Siderophores are a class of small peptides originating in bacteria. In the next couple of years siderophores will reenter the spotlight of medical research again after a short period in the 90’s where they were a molecule of interest to find a solution for multiresistant bacteria.

However, till today most siderophores are still poorly researched and more and more basic functions of these very versatile peptides become revealed as more and more work groups around the world jump onto the siderophore train. The main aspect why we and most other groups are interested in siderophores is their key ability: Metal-ion-complexation.

Bacteria mostly utilize siderophores to scavenge iron3+-ions from their surroundings, an important trace element direly needed for proliferation. Many studies show that iron is not the only 3+ metal-ion that siderophores are able to form chelate complexes with, aluminum, vanadium, copper and gallium are known to form complexes with siderophores as well.

For our experiments gallium3+ is the ion of interest studies suggesting the cytotoxic abilities of gallium and the biochemical similarities, with the key difference that gallium inhibits enzymes irreversibly, while iron activates them. Other known properties of siderophores are: antimicrobial effects against bacteria that utilize other iron acquisition methods (or other siderophore types), the inactivation of specific toxins, biofilm formation, and of course to outcompete other cells in iron deprived environments.

Now one might think, with Pseudomonas as the bacterial target, what role does Yersiniabactin, a siderophore once originating in Yersinia pestis, which later became a common siderophore in many types of enterobacteria, play in the project design. Well there are two good reasons.

First Pseudomonas mostly causes pneumonia in hospital infections due to its resilience and ability to proliferate in sparse environments, which he has in common with some enterobacteria. Enterobacteria like Klebsiella pneumonia, and Escherichia coli often cause lung infections leading to pneumonia when they carry the genetic sequences for Yersiniabactin synthesis, and tend to be multiresistant as well. Yersiniabactin is an important factor in pneumonia caused by enterobacteria since it has a high efficiency at acquiring iron, and possesses the ability to cleanse ions from human storage proteins like transferrin and lactoferrin.
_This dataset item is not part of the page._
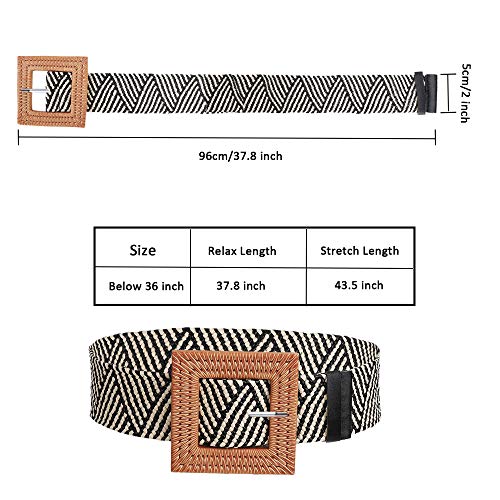 Cinturón de Vestir Tejido, Cinturón Vintage Flaco Bohemio con Hebilla de Madera, Decorativo Casual Amplio Cinturilla Trenzada de Paja para Dama Niña (4 Piezas)
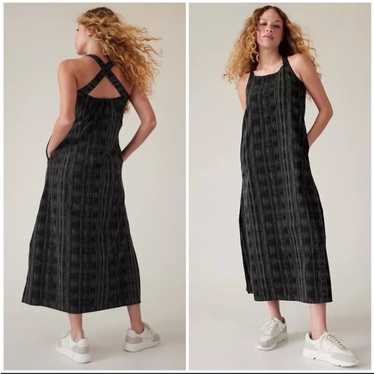 Athleta Arrival Amara Stripe Black Maxi Dress - image 1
Another important factor for the prevalence of Yersiniabactin in lung infection is the fact, that yersiniabactin, as many siderophores, is bound by Lipocalin 2 in human serum, which significantly reduces the efficiency.
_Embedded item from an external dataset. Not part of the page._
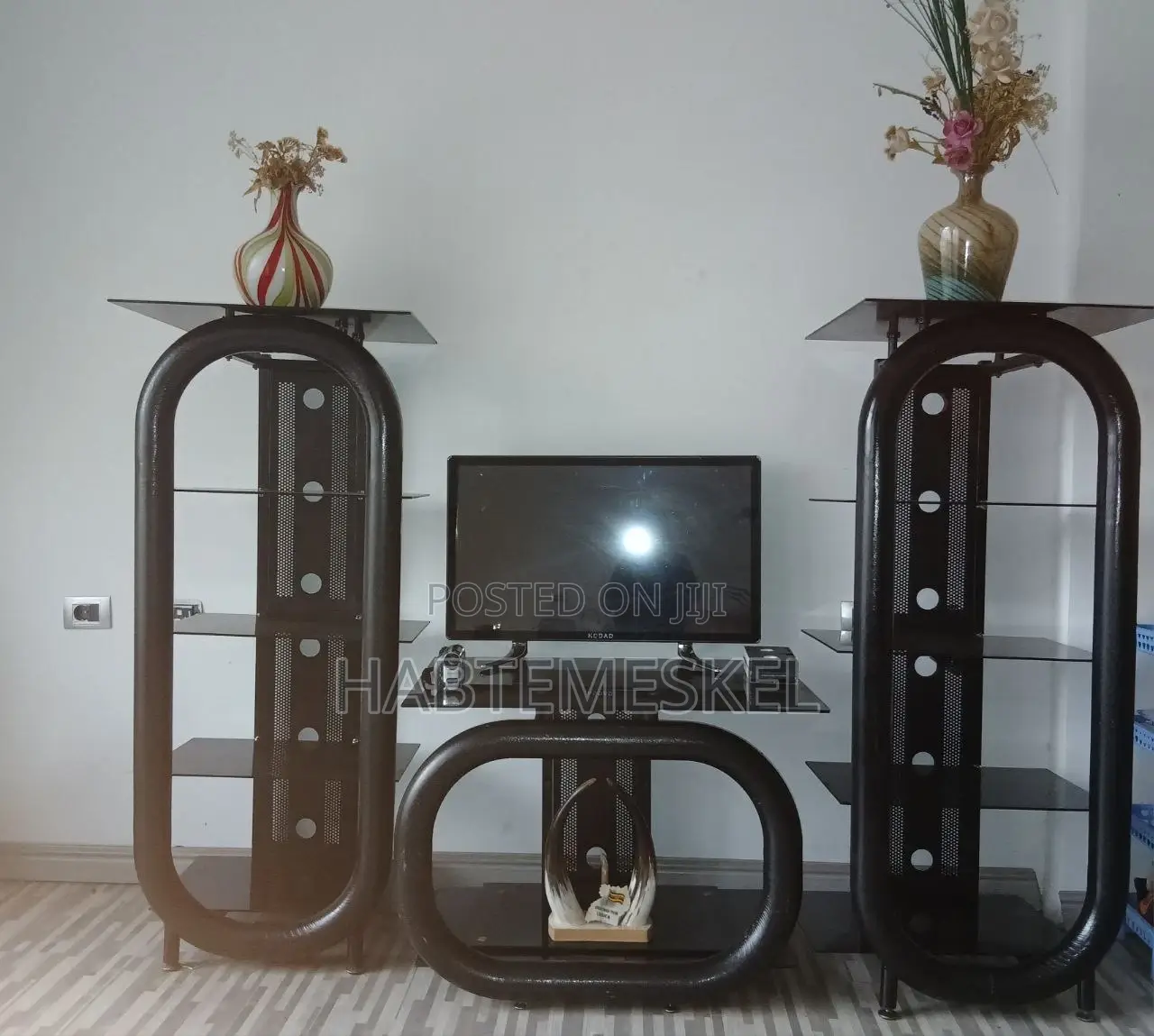 Modern Black Tv Stand With Glass Shelves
Second, and of utmost importance, was the fact that we had problems acquiring the genes from pseudomonas since a synthesis is extremely difficult due to the high GC-content. During our research we stumbled upon an image showing several pathways of siderophore synthesis, including similarities and the involved enzymes for the non-ribosomal synthesis. A short inquiry made sure that our initial thought was correct. Yersiniabactin is synthesized by two different enzymes, HMWP1 and HMWP2 synthases, of which HMWP2 became the synthase of interest for all our following research. Hence, HMWP2 synthesizes a compound that is known as Nor-Pyochelin. Therefore, we figured that with different induction methods we could create bacterial strains that could be induced to either produce yersiniabactin (utilizing the full casette), or Nor-Pyochelin with HMWP1 turned off. Essentially the gene cassette for Yersiniabactin allows us to synthesize a siderophore from a completely different organism but its own as well. Which leads to the elegant design of our project, not only are we able to target multiple different bacteria specifically by introducing toxic ions with their specific siderophores, but we are able to produce two different siderophores targeting pneumonia mediating multiresistant bacteria strains.